■ **YOUR GOAL**
Would you set down every line of the data below exactly as it reads?

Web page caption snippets
===============

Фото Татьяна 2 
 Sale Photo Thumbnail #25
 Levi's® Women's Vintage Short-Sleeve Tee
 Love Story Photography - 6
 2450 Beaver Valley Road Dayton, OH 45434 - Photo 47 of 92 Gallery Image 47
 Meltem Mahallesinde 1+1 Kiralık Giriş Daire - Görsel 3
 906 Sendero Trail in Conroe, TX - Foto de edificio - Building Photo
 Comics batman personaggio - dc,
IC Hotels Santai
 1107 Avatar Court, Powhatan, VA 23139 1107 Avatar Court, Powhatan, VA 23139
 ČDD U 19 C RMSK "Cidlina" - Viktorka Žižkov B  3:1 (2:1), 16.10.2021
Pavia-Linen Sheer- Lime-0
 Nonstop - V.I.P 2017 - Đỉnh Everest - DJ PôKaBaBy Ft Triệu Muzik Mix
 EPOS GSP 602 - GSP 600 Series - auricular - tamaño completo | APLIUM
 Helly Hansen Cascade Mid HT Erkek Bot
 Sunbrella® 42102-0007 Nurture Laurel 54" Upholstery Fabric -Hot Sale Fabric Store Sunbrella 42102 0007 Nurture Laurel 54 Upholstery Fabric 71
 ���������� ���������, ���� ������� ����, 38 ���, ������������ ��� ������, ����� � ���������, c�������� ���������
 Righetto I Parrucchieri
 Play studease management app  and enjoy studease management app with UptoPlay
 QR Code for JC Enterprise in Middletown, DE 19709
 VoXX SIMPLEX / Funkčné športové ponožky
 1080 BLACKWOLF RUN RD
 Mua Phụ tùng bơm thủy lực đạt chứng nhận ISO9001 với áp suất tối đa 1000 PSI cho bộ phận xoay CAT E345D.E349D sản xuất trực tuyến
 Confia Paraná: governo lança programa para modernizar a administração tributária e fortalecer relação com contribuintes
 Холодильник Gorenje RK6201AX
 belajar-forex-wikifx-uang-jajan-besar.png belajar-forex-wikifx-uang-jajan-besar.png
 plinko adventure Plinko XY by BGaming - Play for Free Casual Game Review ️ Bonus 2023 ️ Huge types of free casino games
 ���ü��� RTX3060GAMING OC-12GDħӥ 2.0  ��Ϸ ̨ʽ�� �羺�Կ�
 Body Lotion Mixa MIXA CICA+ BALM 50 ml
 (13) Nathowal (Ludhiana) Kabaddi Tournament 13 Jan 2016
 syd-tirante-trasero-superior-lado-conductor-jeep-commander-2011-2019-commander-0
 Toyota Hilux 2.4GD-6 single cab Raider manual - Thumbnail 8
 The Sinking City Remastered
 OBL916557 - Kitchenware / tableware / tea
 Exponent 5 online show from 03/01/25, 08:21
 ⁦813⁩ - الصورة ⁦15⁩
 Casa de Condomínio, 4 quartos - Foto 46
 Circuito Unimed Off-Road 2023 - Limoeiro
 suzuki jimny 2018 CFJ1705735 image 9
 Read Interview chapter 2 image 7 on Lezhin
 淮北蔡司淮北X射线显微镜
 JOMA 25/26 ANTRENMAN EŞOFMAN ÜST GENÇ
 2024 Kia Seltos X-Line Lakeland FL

===============

■ **RESULT**
Фото Татьяна 2 
 Sale Photo Thumbnail #25
 Levi's® Women's Vintage Short-Sleeve Tee
 Love Story Photography - 6
 2450 Beaver Valley Road Dayton, OH 45434 - Photo 47 of 92 Gallery Image 47
 Meltem Mahallesinde 1+1 Kiralık Giriş Daire - Görsel 3
 906 Sendero Trail in Conroe, TX - Foto de edificio - Building Photo
 Comics batman personaggio - dc,
IC Hotels Santai
 1107 Avatar Court, Powhatan, VA 23139 1107 Avatar Court, Powhatan, VA 23139
 ČDD U 19 C RMSK "Cidlina" - Viktorka Žižkov B  3:1 (2:1), 16.10.2021
Pavia-Linen Sheer- Lime-0
 Nonstop - V.I.P 2017 - Đỉnh Everest - DJ PôKaBaBy Ft Triệu Muzik Mix
 EPOS GSP 602 - GSP 600 Series - auricular - tamaño completo | APLIUM
 Helly Hansen Cascade Mid HT Erkek Bot
 Sunbrella® 42102-0007 Nurture Laurel 54" Upholstery Fabric -Hot Sale Fabric Store Sunbrella 42102 0007 Nurture Laurel 54 Upholstery Fabric 71
 ���������� ���������, ���� ������� ����, 38 ���, ������������ ��� ������, ����� � ���������, c�������� ���������
 Righetto I Parrucchieri
 Play studease management app  and enjoy studease management app with UptoPlay
 QR Code for JC Enterprise in Middletown, DE 19709
 VoXX SIMPLEX / Funkčné športové ponožky
 1080 BLACKWOLF RUN RD
 Mua Phụ tùng bơm thủy lực đạt chứng nhận ISO9001 với áp suất tối đa 1000 PSI cho bộ phận xoay CAT E345D.E349D sản xuất trực tuyến
 Confia Paraná: governo lança programa para modernizar a administração tributária e fortalecer relação com contribuintes
 Холодильник Gorenje RK6201AX
 belajar-forex-wikifx-uang-jajan-besar.png belajar-forex-wikifx-uang-jajan-besar.png
 plinko adventure Plinko XY by BGaming - Play for Free Casual Game Review ️ Bonus 2023 ️ Huge types of free casino games
 ���ü��� RTX3060GAMING OC-12GDħӥ 2.0  ��Ϸ ̨ʽ�� �羺�Կ�
 Body Lotion Mixa MIXA CICA+ BALM 50 ml
 (13) Nathowal (Ludhiana) Kabaddi Tournament 13 Jan 2016
 syd-tirante-trasero-superior-lado-conductor-jeep-commander-2011-2019-commander-0
 Toyota Hilux 2.4GD-6 single cab Raider manual - Thumbnail 8
 The Sinking City Remastered
 OBL916557 - Kitchenware / tableware / tea
 Exponent 5 online show from 03/01/25, 08:21
 ⁦813⁩ - الصورة ⁦15⁩
 Casa de Condomínio, 4 quartos - Foto 46
 Circuito Unimed Off-Road 2023 - Limoeiro
 suzuki jimny 2018 CFJ1705735 image 9
 Read Interview chapter 2 image 7 on Lezhin
 淮北蔡司淮北X射线显微镜
 JOMA 25/26 ANTRENMAN EŞOFMAN ÜST GENÇ
 2024 Kia Seltos X-Line Lakeland FL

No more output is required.